Laravel Spark: A Crash Course

Leo Sjöberg • May 1, 2016

The Series – Table of Contents

An Overview

Introduction to Spark
Spark Up What You Have

The Backend

The Spark Philosophy
A Closer Look at the Innards of Spark
Making Spark Your Own


Update (2017-05-12): I no longer endorse Spark to quite the same extent, and have realised that it has various shortcomings, and have not myself used Spark since the release of version 2.0

Introductory words

This is the first in a series of blog posts about Laravel Spark. Content may be added and removed throughout, and the table of contents above is merely a rough plan of what I hope to publish.

What is Spark?

Spark provides the perfect starting point for your next big idea. Forget all the boilerplate and focus on what matters: your application.

Before anyone thinks anything – Spark is not meant to be an app, it's not meant to be an all-fulfilling package, it's meant as a boilerplate. Spark provides you with the foundation for a general SaaS; it gives you user and team billing, subscription plans, teams, and a lot more. Above anything else, however, Spark provides scaffolding. As soon as you type spark new idea, it will lay the foundation for a SaaS for you.

"Should I use Spark?"

Well, maybe, maybe not. Make no mistake, Spark is heavily opinionated towards a certain type of platform. It does not feature any advanced multi-tenancy with multiple levels of teams (akin to how GitHub works), and a guide for setting it up easily is yet to surface. In it's base install, a user belonging can either create a team or they can't, and you can create lots of teams. You can't create a team within a team, and limit those, or have a user be organisation-bound rather than platform-bound (a good example of the two would be GitHub, where you have a GitHub account, and are part of multiple organisations, and Slack, where you have one account per team).

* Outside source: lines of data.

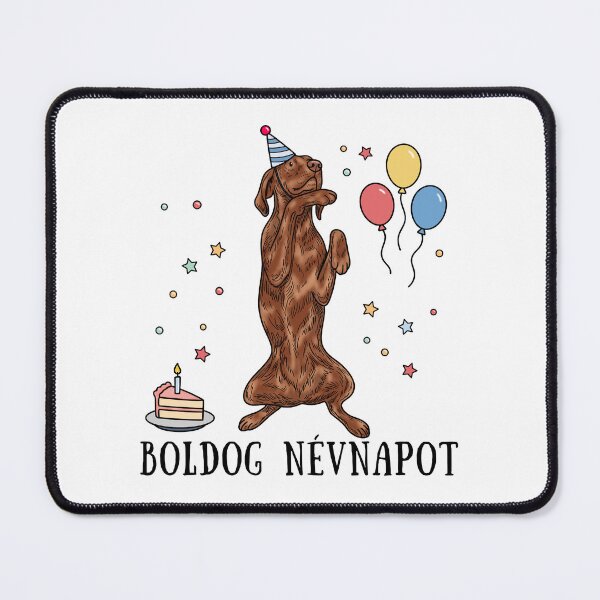 Item preview, Happy Hungarian Name Day(Boldog Névnapot) Vizsla Dog Celebration Graphic designed and sold by Blupunk.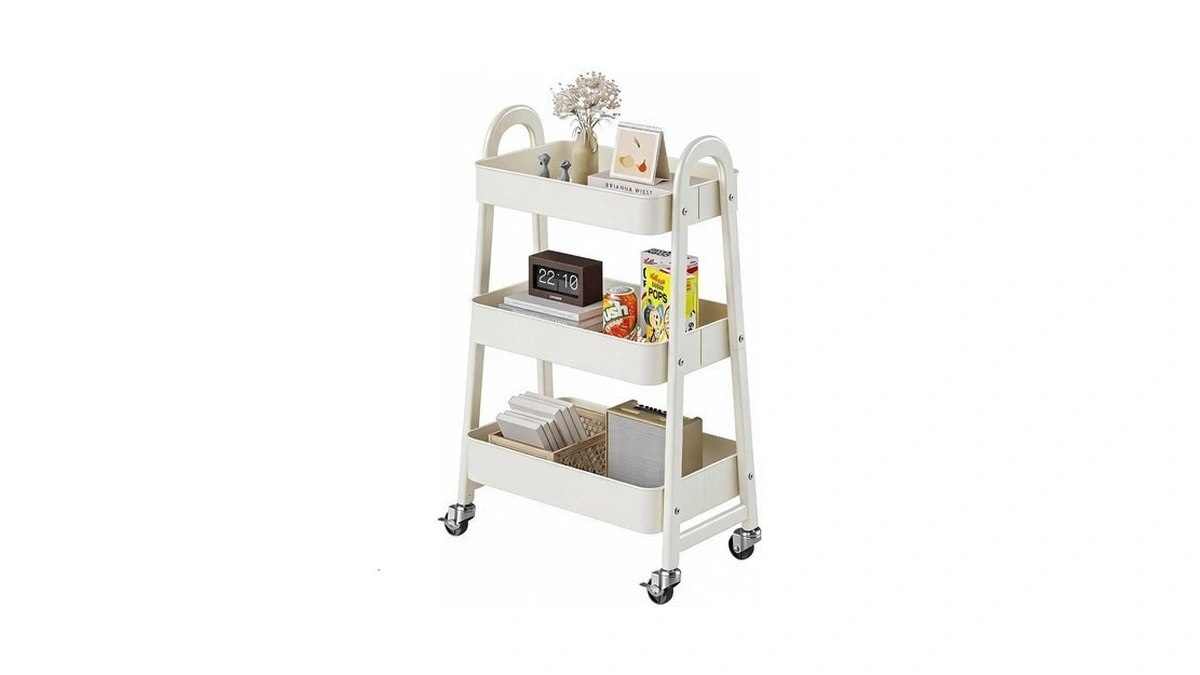 Dumos 3 Tiers Rolling Cart, Utility Cart, Storage Organizer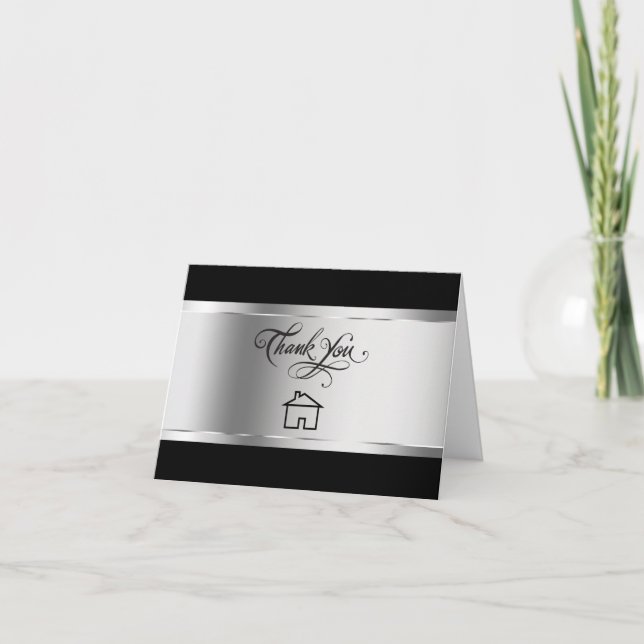 Clássico Imobiliário Obrigado Cartões (Frente)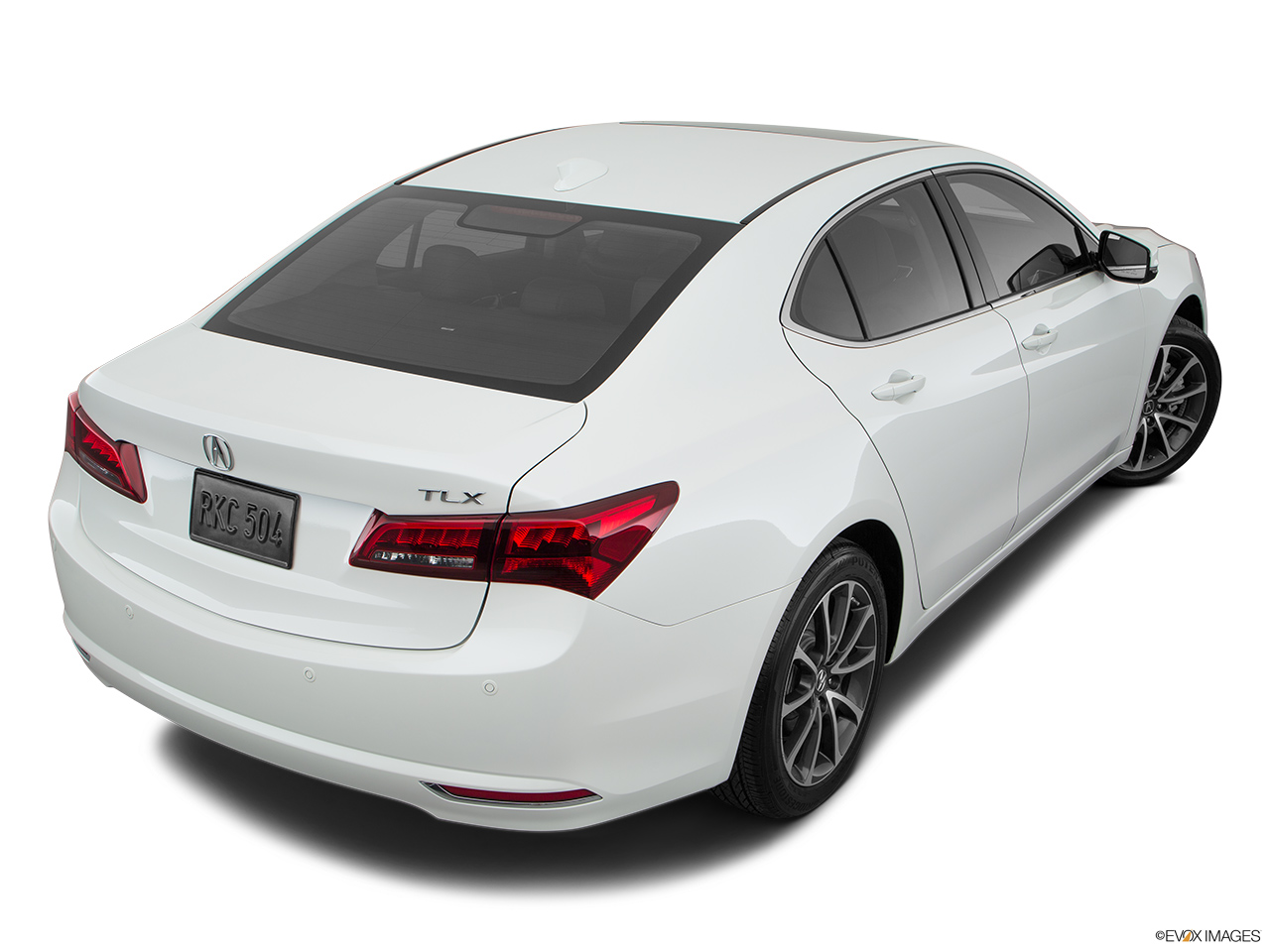 2017 Acura TLX 3.5L Rear 3/4 angle view. 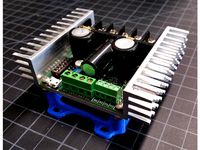 Sabertooth dual 32A motor controller mounting bracket by ValarmLLC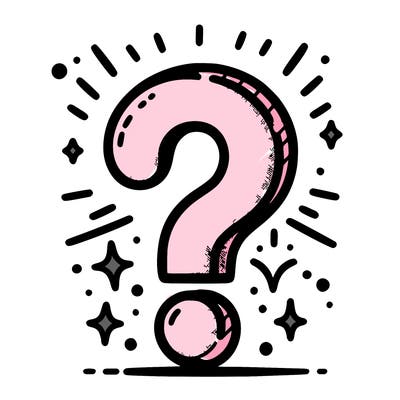 a big question mark in the middle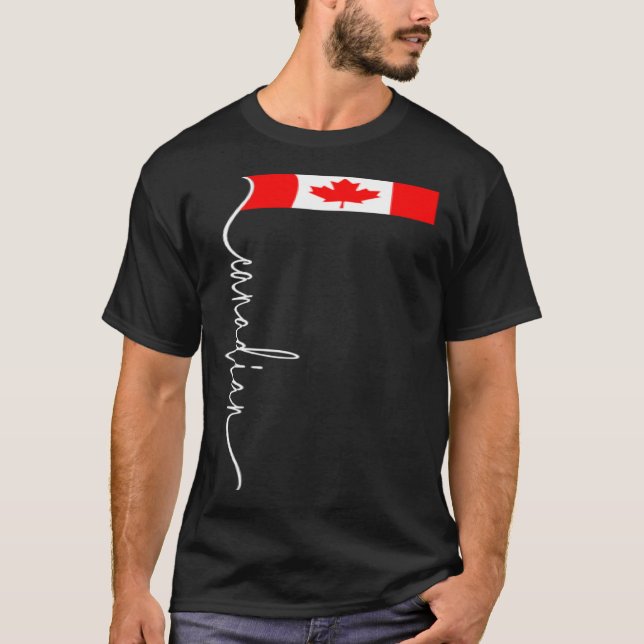 Camiseta Canada Signature Canadian Flag (Anverso)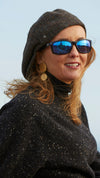Donegal yarn crewneck sweater Turf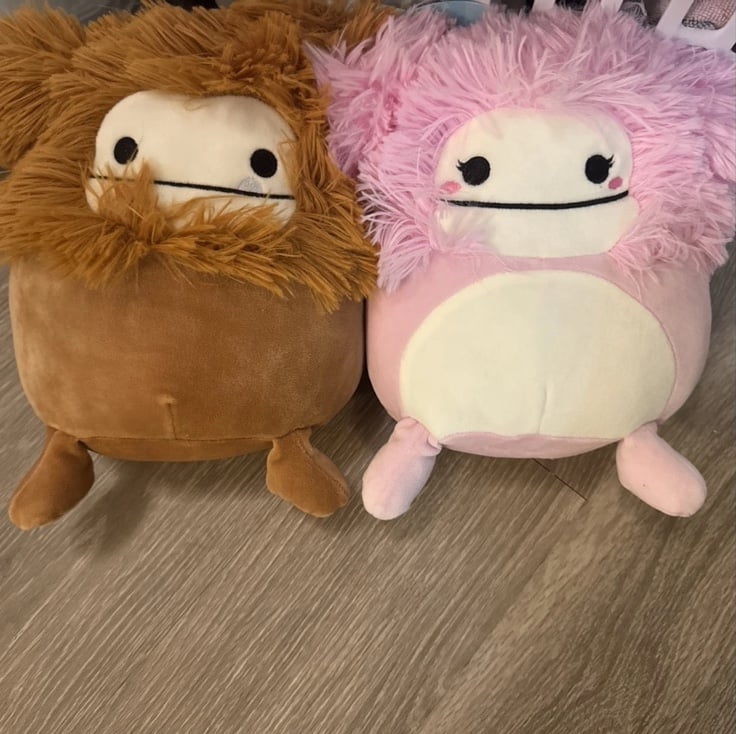 Squishmallows 8" Benny Brina Bigfoot Set Walgreens Soft Pillow Plush Toy NWT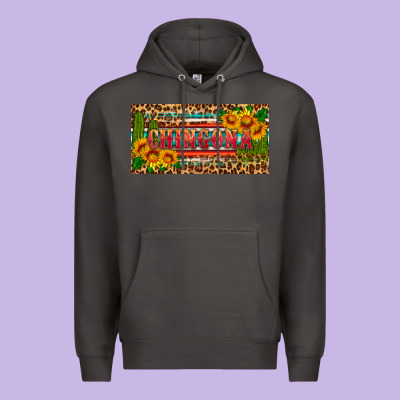 Chingona License Plate Premium Hoodie Designed By Hra Design Shop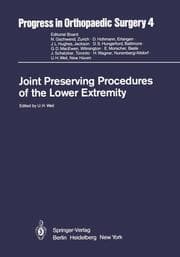 Cover von Joint Preserving Procedures of the Lower Extremity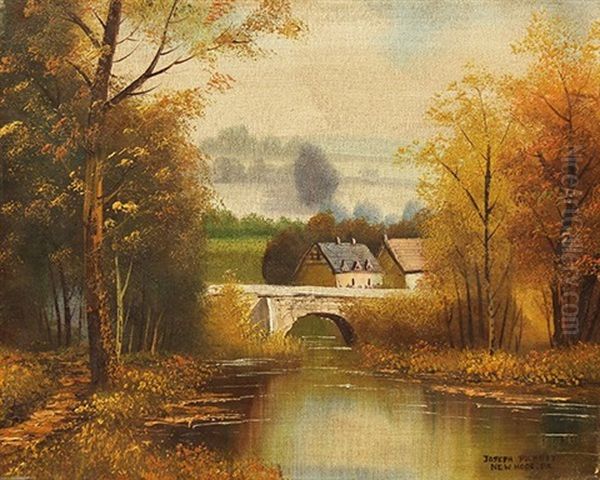 New Hope, Pa Oil Painting by Joseph (Joe) Pickett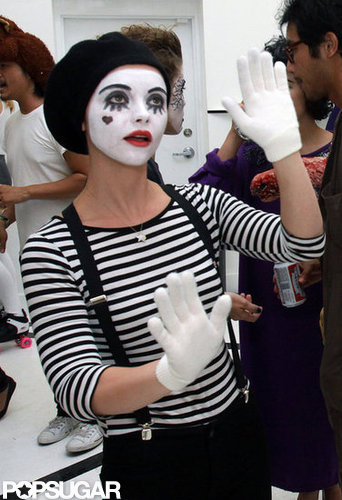 Christina Ricci mimed her way through the holiday in Miami in 2009.
Christina Ricci mimed her way through the holiday in Miami in 2009.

Of course, this is never advertised as something that would be feature, but a few people have requested a way to easily implement this over at the Larachat Slack.

However, Spark is very customisable, but do keep in mind it might not be suitable for every project you will build. Now, Spark does have a lot out of the box; it features team invites, role management and team-specific registrations. It comes with a well-written backend and frontend, and although parts might need customisation, that is only to be expected with something that only provides you boilerplate. It would have been nice to have a useful trait or middleware for multi-tenancy that could just be used, but that part is also not terribly difficult. In fact, to make it easier, Brian Dillingham wrote a plug-and-play trait which he was kind enough to put in a Gist to be used by anyone.

Now, if you visit the Spark website and think to yourself

Gee, that's not quite the platform I've envisioned, I'll have to change a lot.

Then by all means, don't use Spark, but also keep in mind a lot of it can be customised.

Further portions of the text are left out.